● Task description: Please write out the whole listing that follows exactly; the pictures stay out.

● Available data:
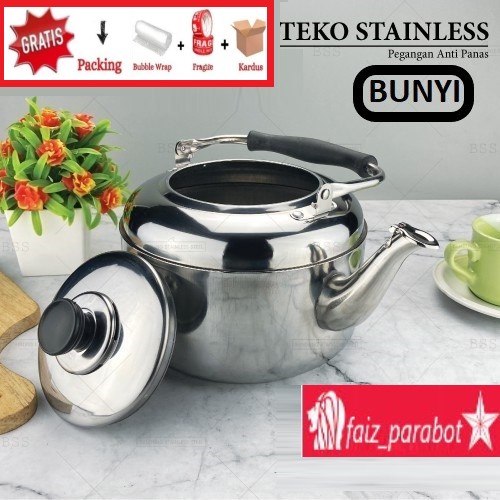 5 LITER TEKO SIUL BUNYI / TEKO PEMANAS AIR STAINLES 4,2 L MURAH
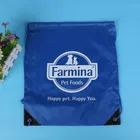 BSCI audited factory garbage bag with tie string school bag shopping draw string bag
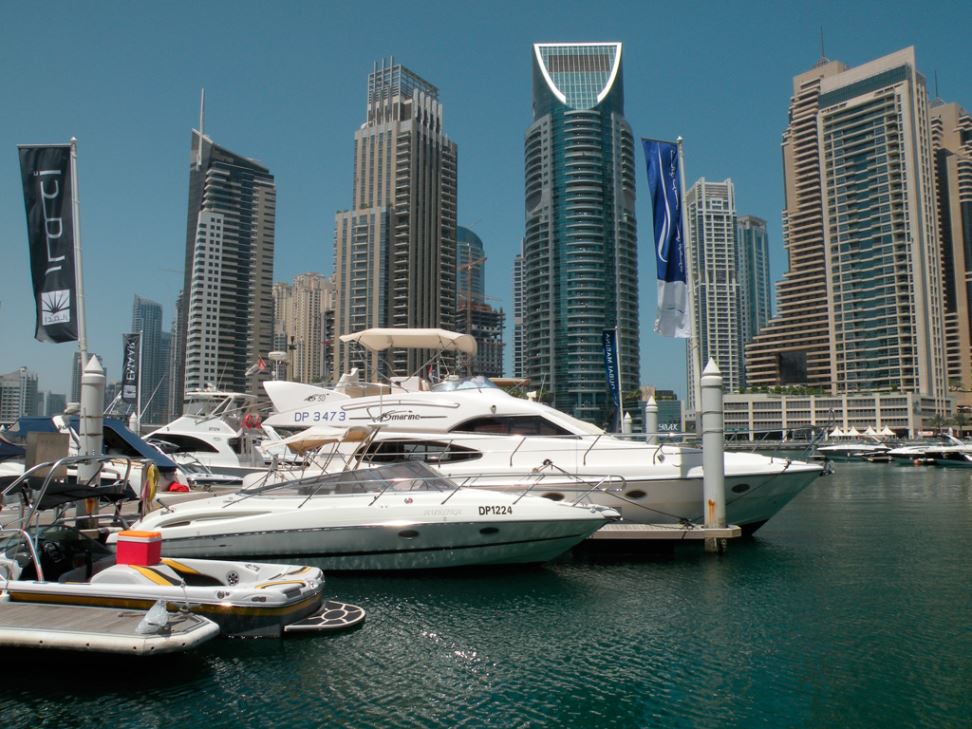 Новая пристань для роскошных яхт в Дубае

● Response box:
 5 LITER TEKO SIUL BUNYI / TEKO PEMANAS AIR STAINLES 4,2 L MURAH
 BSCI audited factory garbage bag with tie string school bag shopping draw string bag
 Новая пристань для роскошных яхт в Дубае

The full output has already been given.